Second: Back in BW #60, I asked questions about Iceland, mostly because I had just spent 11 days on its famous Ring Road. I've written up a (long!) blog post about our trip, which you can read at https://lerner.co.il/2025/01/05/eleven-days-on-icelands-ring-road/ . Bottom line: It was amazing, and I can't recommend the trip enough.

And now, back to data analysis with Python and Pandas.

This week's topic is sports betting. I'll admit that I'm not into either sports or betting, but I've recently been listening to the latest season of Michael Lewis's "Against the rules" podcast (https://www.pushkin.fm/podcasts/against-the-rules), where he's discussing the changes that happened in American law that made it possible for people to bet on sports via their phones, as well as the societal impacts of those changes. I didn't expect to be interested in this topic, but I also didn't realize how widespread such betting has become, how much betting did (and still does) take place illegally, and just how high the societal costs are. And, of course, we've only gotten started.
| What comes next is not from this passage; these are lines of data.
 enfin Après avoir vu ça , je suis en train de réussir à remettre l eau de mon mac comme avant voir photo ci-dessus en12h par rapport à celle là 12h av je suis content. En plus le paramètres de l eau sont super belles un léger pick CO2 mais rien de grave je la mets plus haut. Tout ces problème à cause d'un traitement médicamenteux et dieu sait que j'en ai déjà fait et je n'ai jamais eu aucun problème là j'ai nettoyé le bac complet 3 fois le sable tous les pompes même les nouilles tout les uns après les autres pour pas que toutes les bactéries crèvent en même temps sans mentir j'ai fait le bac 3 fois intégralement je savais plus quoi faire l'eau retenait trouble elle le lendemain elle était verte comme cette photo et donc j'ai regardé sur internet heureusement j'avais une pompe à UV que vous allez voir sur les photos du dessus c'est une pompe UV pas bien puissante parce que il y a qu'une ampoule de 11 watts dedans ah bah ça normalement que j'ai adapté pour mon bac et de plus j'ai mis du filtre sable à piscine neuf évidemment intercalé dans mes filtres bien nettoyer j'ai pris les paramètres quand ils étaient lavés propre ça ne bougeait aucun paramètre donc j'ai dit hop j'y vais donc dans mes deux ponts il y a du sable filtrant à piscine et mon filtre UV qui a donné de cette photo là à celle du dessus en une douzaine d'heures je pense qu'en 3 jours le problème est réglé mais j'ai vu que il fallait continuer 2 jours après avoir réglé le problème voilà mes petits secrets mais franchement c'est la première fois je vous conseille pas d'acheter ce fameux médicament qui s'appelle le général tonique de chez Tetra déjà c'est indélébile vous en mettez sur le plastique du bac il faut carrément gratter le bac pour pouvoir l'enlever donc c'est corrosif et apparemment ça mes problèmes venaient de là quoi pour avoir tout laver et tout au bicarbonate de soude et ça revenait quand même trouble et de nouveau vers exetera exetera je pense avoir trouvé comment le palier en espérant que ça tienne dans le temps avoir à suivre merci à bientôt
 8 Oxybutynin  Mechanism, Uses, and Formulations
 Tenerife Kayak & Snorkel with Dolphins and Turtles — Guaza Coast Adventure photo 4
Indeed, the Washington Post recently wrote an editorial describing the ills of betting on sports (https://www.washingtonpost.com/opinions/2024/12/29/sports-gambling-sportsbooks-bradley-act-betting/). The Economist ran a story on the topic a few weeks ago (https://www.economist.com/finance-and-economics/2024/12/05/how-sports-gambling-became-ubiquitous), as well as a "leader" piece saying how the growth in sports betting should be celebrated (https://www.economist.com/leaders/2024/12/05/americas-gambling-boom-should-be-celebrated-not-feared) -- followed by a gut-wrenching letter to the editor (https://www.economist.com/letters/2024/12/19/letters-to-the-editor) from a father whose son had committed suicide after his gambling debts piled up.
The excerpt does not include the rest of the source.